Family Secrets . . .

Find out how Joanna Schaffhausen combines family secrets, neuroscience, and murder in her trio of novels, the most recent out this week from Minotaur Press!

Love to know what inspires writers? Don’t miss my post on how Nikola Tesla inspired Colleen Winter. Click the link here.

The Author

Joanna Schaffhausen

Joanna Schaffhausen wields a mean scalpel, skills she developed in her years studying neuroscience. She has a doctorate in psychology, which reflects her long-standing interest in the brain―how it develops and the many ways it can go wrong.

Previously, she worked as a scientific editor in the field of drug development. Prior to that, she was an editorial producer for ABC News, writing for programs such as World News TonightGood Morning America, and 20/20.

She lives in the Boston area with her husband and daughter.

To learn more about Joanna, click on her name, photo or any of the following links: Amazon, Facebook, Twitter, Instagram.


The Books

All The Best Lies

Family Secrets
Book Three

FBI agent Reed Markham is haunted by one painful unsolved mystery: who murdered his mother?

Camilla was brutally stabbed to death more than forty years ago while baby Reed lay in his crib mere steps away. The trail went so cold that the Las Vegas Police Department has given up hope of solving the case.

But then a shattering family secret changes everything Reed knows about his origins, his murdered mother, and his powerful adoptive father, state senator Angus Markham.

Now Reed has to wonder if his mother’s killer is uncomfortably close to home.

To buy the book click on any of the following links: Amazon, Barnes & Noble, and IndieBound


No Mercy

Book Two

Police officer Ellery Hathaway is on involuntary leave from her job because she shot a murderer in cold blood and refuses to apologize for it. Forced into group therapy for victims of violent crime, Ellery immediately finds higher priorities than “getting in touch with her feelings.”

For one, she suspects a fellow group member may have helped to convict the wrong man for a deadly arson incident years ago. For another, Ellery finds herself in the desperate clutches of a woman who survived a brutal rape. He is still out there, this man with the Spider-Man-like ability to climb through bedroom windows, and his victim beseeches Ellery for help in capturing her attacker.

To buy the book click on any of the following links: Amazon, Barnes & Noble, and IndieBound


The Vanishing Season

Book One

Ellery Hathaway knows a thing or two about serial killers, but not through her police training. She’s an officer in sleepy Woodbury, MA, where a bicycle theft still makes the newspapers.

No one there knows she was once victim number seventeen in the grisly story of serial killer Francis Michael Coben. The only one who lived.

When three people disappear from her town in three years—all around her birthday—Ellery fears someone knows her secret. Someone very dangerous. Her superiors dismiss her concerns, but Ellery knows the vanishing season is coming and anyone could be next.

To buy the book click on any of the following links: Amazon, Barnes & Noble, and IndieBound


The Interview

As mystery authors, we often write about family secrets. What drew you to a family secret at the heart of your latest mystery?
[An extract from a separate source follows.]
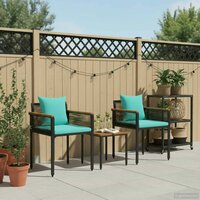 Buitenmeubelset met kussen Zwart en Turquoise PE Rattan 4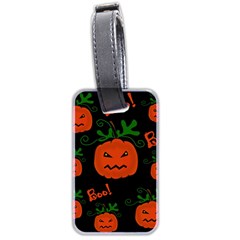 Halloween Pumpkin Pattern Luggage Tags (two Sides) by Valentinaart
I think we all have family secrets, so the topic is extremely relatable. Our secrets might not be as explosive as those found in mysteries, but sometimes they are.
Families do things like accommodate predators, lie about parentage, and gaslight you till you think you’re crazy. Of course, they also lift you up and sustain you, in certain instances at the same time as they are doing awful stuff, so untangling that mess can be difficult.
Finally, the Ellery and Reed books are principally about identity: What makes us who we are and who gets to decide? Family has a big role in that, so it makes sense for the series.
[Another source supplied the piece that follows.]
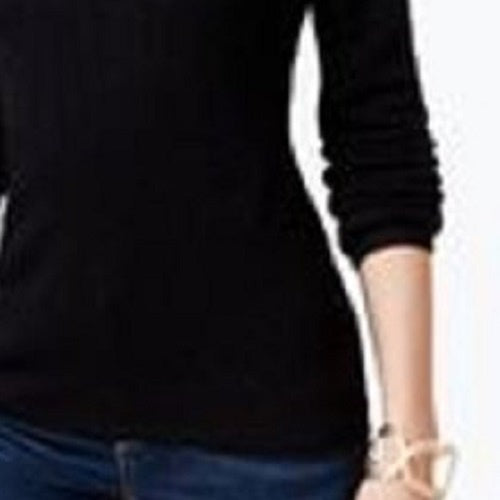 Blusa feminina Charter Club com gola alta canelada mesclada, preta, tamanho grande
“I think we all have family secrets . . .”


How does your background in neuroscience and psychology impact your writing?

I use material gleaned from my years in school and in research all the time.
The brain remains one of our biggest mysteries.
There are aspects to neuroscience that I was taught just fifteen years ago that turned out not to be true upon further study, and there’s an endless amount we still don’t understand.
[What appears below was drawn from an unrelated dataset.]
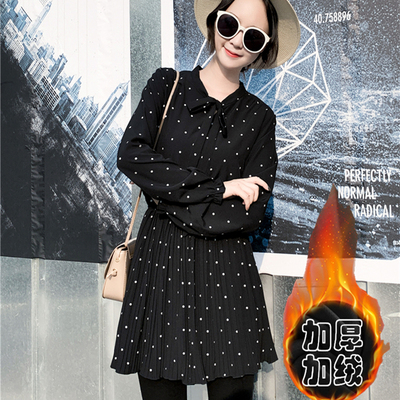 加绒黑色波点雪纺长袖内搭连衣裙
What drew you to being a crime writer?

You know, I’m not sure.
I’ve been at it since I was eight.
I’ve just always been interested in the puzzle aspect of mysteries, and I like how crime stories function as a backdrop to tell other kinds of stories about the human condition: good versus evil, what do we owe each other, identity, family, revenge, romance, etc.

“I’ve just always been interested in the puzzle aspect of mysteries . . .”


How has your writing evolved over the course of three books?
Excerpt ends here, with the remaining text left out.